## TASK
Could you transcribe the entries below exactly, starting at the line that contains "Webinarium „European Agenda" and stopping at the last line, without any pictures?

## DATA PROVIDED
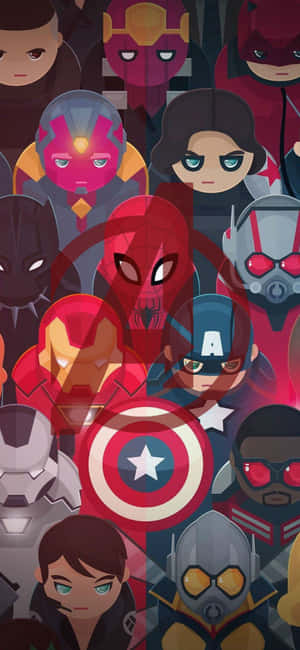 Iphone Xs Avengers Taustakuva — Galaxy A55 Taustakuvat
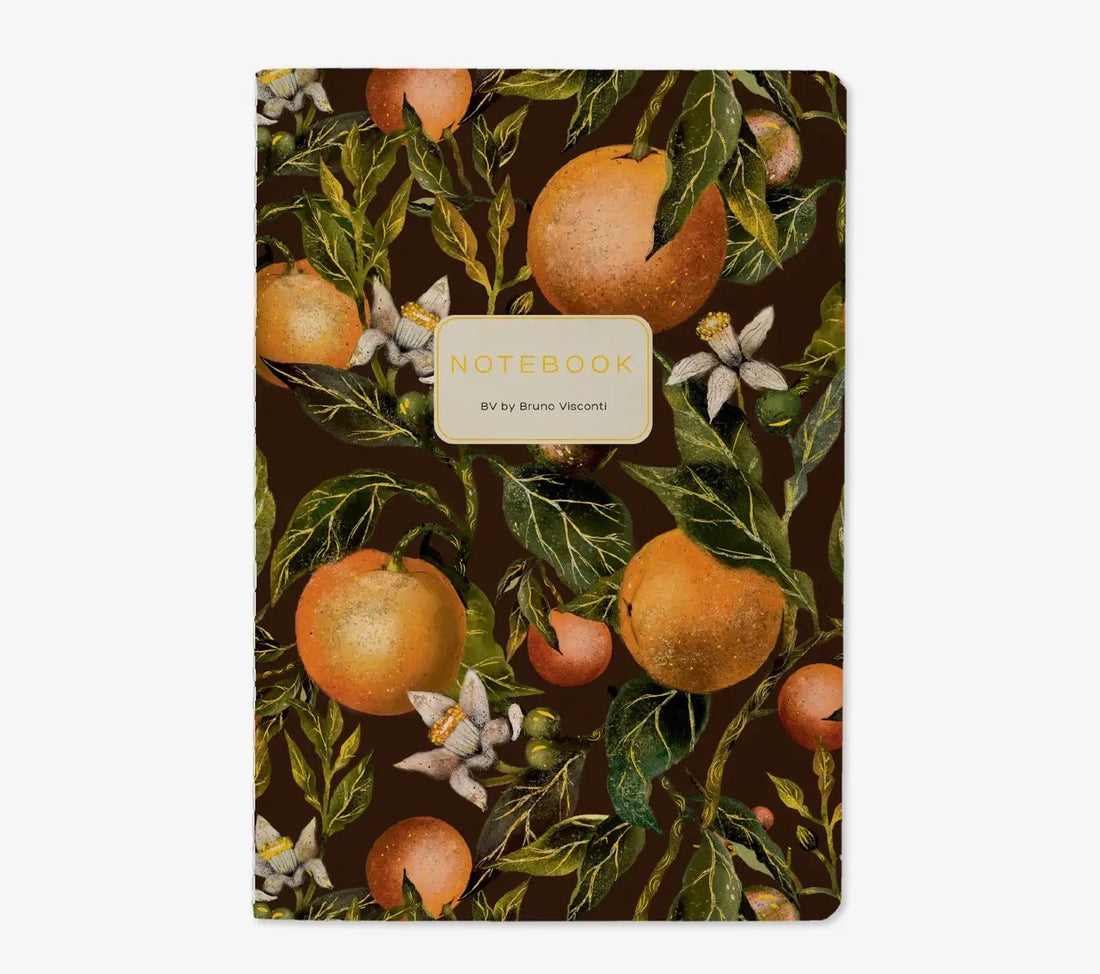 Notebook-Oranges and Blossoms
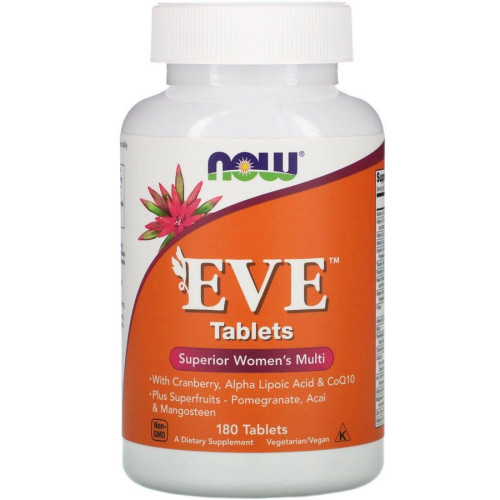 Мультивитамины для женщин Now Foods (EVE Superior Women's Multiple Vitamin) 180 таблеток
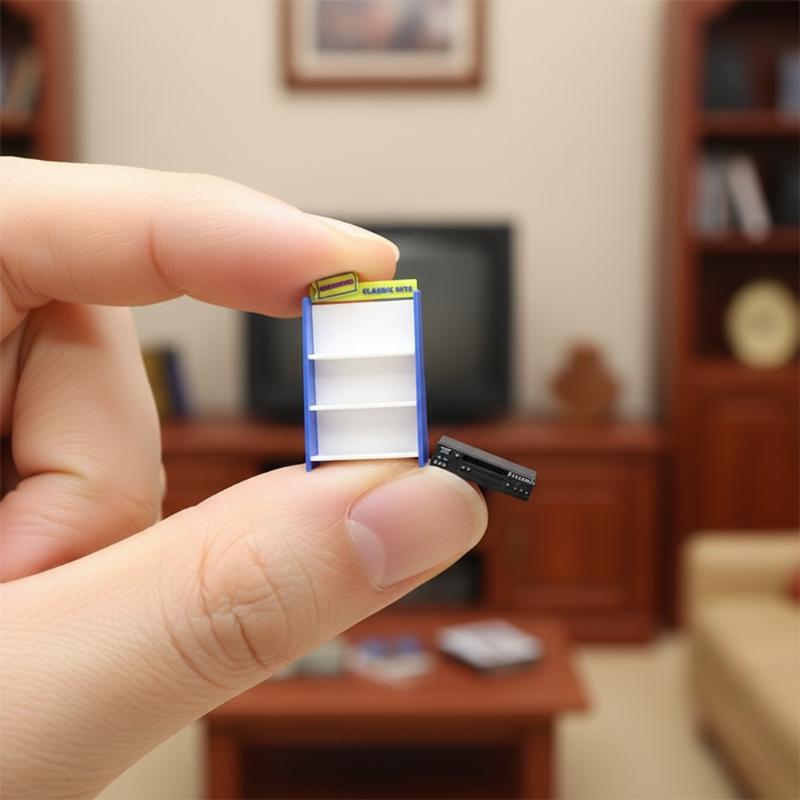 Dollhouse Miniature 1/12 Retro - مراجعة Resin Art Furniture وسعره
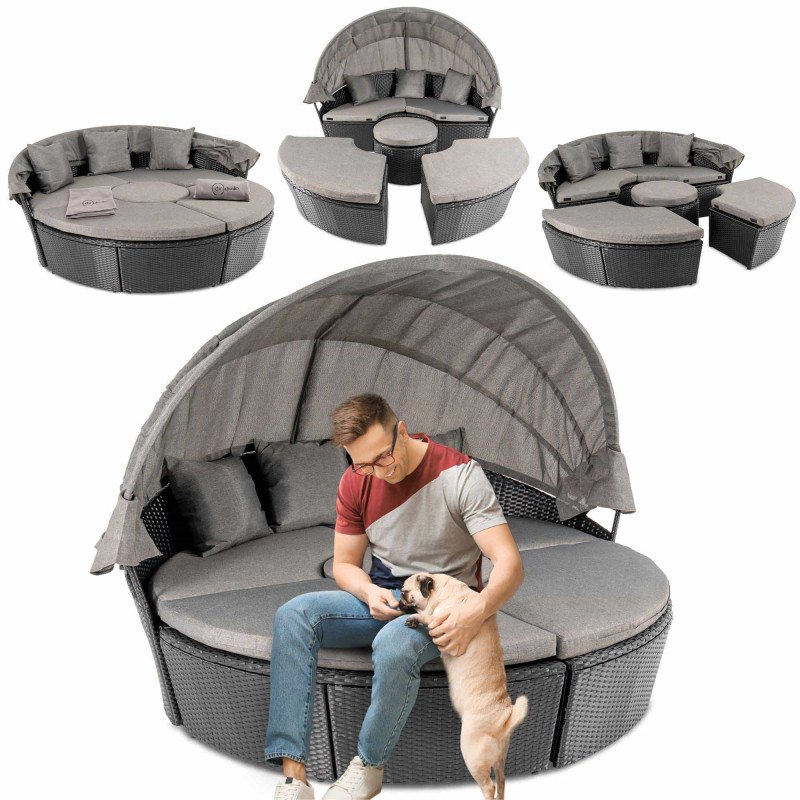 Садовая мебель из искусственного ротанга DiVolio Milano Black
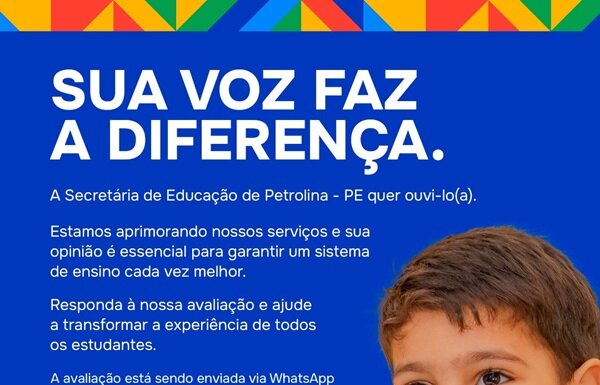 Responsáveis por estudantes da rede municipal de Petrolina participam de avaliação sobre qualidade do ensino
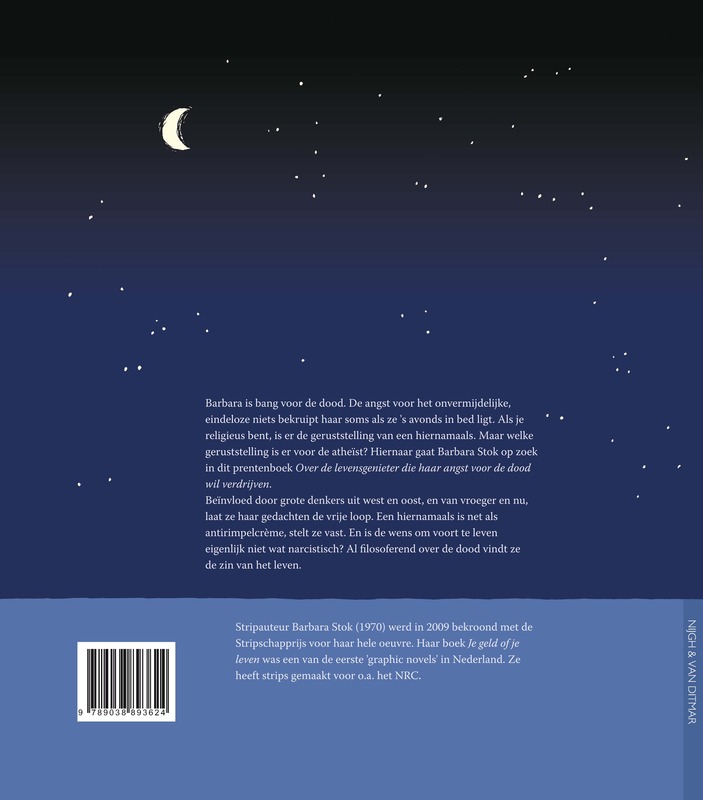 Over de levensgenieter die haar angst voor de dood wil verdrijven achterkant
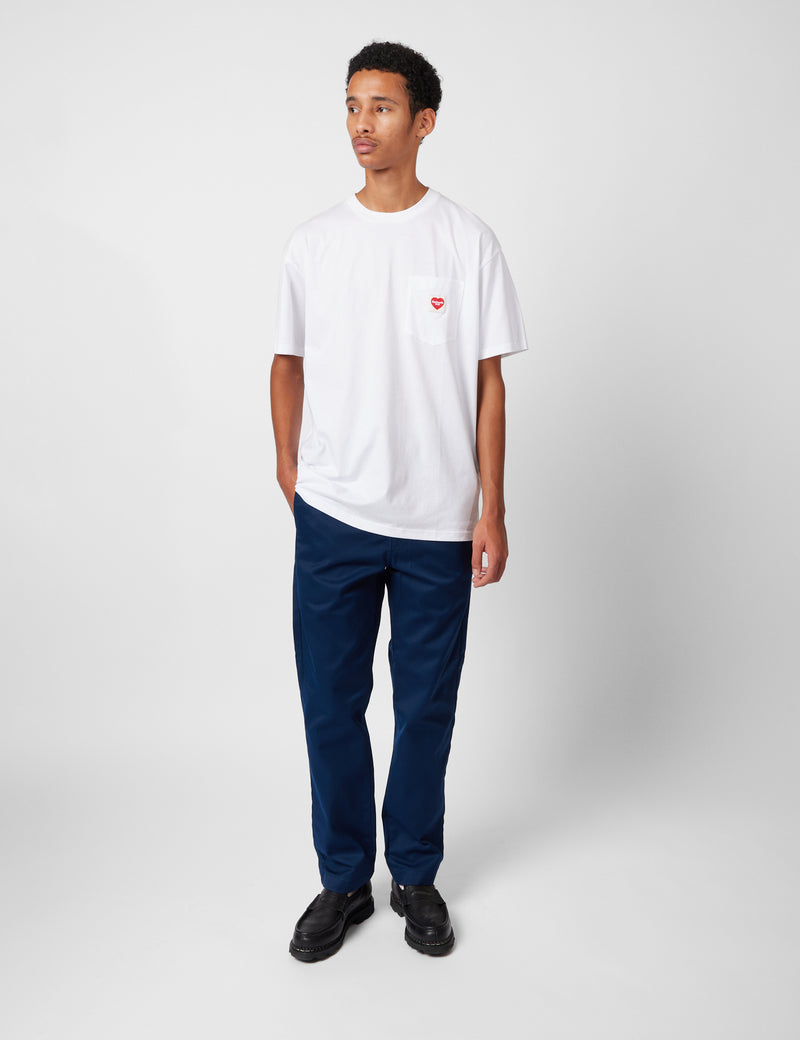 Carhartt WIP Pocket Heart T-Shirt - White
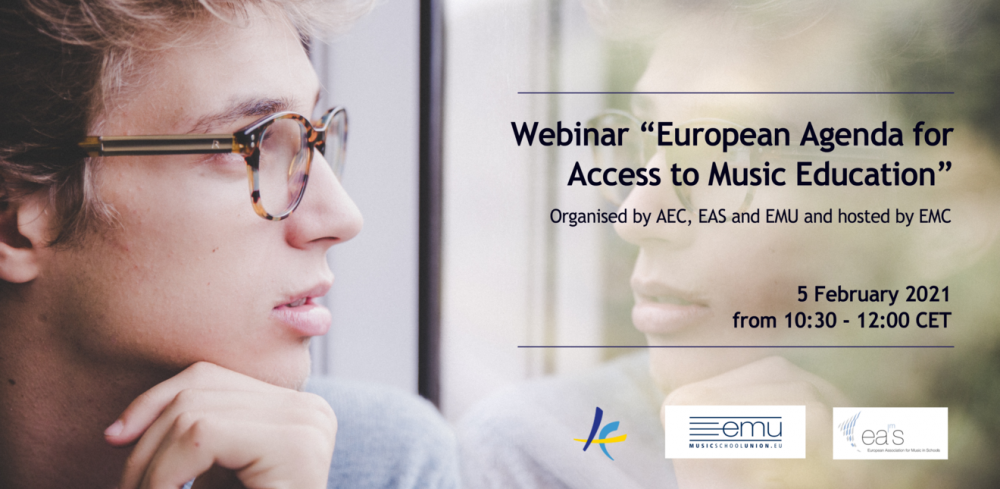 Webinarium „European Agenda for Access to Music Education” | 5 lutego 2021 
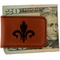 Fleur De Lis Leatherette Magnetic Money Clip - Single Sided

## RESPONSE TO THE TASK
 Webinarium „European Agenda for Access to Music Education” | 5 lutego 2021 
 Fleur De Lis Leatherette Magnetic Money Clip - Single Sided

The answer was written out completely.